What Items Can Be Repossessed?

Usually when people hear the term repossessed, they may equate it with a car not realizing that any item (whether it is a car or an appliance) can be repossessed if you acquired it through a secured loan that you are still paying upon.

Creditors can easily act on repossession laws in order to claim their property.  They can file what is called a Complaint for Personal Property Foreclosure while simultaneously getting a court order that will mandate that you return any and all property that belongs to them.

Bankruptcy and Repossession

Filing bankruptcy, whether a chapter 7 or a chapter 13, can have its perks.  Whether you know it or not, once you file your bankruptcy documents a stay is put in place that mandates that your creditors stop calling you and stop any repossession proceedings.  So, let’s say for example, that a lender sent a repo man to take your car:

  • As soon as this happened, you ran to a bankruptcy attorney and filed bankruptcy. 
  • As soon as the judge received your paperwork, he or she ordered that the car company return your car to you. 
  • That means that the repo man has to bring the car back to you.  The only reason why  a judge would not order your car to be returned back to you is if you did not have car insurance on the car.

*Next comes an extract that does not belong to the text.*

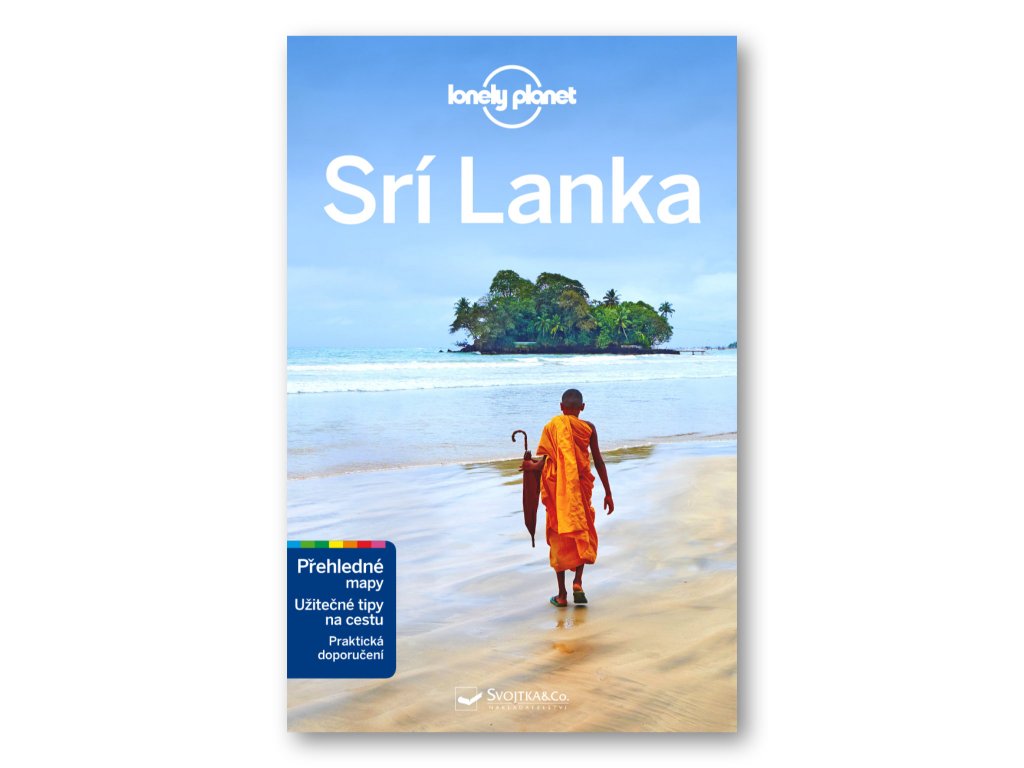 5309 Sri Lanka 5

Of course, since the asset is secured, the creditor will eventually be able to take your item if you don't become current on it. You can't simply keep the item and stop paying- during the course of your bankruptcy, either a payment plan will be reached under Chapter 13, or the item can be taken and used to satisfy debts under Chapter 7.

Getting Help

If you are in the midst of a repossession crisis, you should consider consulting with a bankruptcy attorney.  He or she will be able to put the laws surrounding repossession into better perspective for you.  Additionally, a bankruptcy attorney will be able to hammer out a good strategy for your proposed bankruptcy.  Furthermore, the skill and background of the bankruptcy attorney will assist you in making the most out of which ever bankruptcy you choose.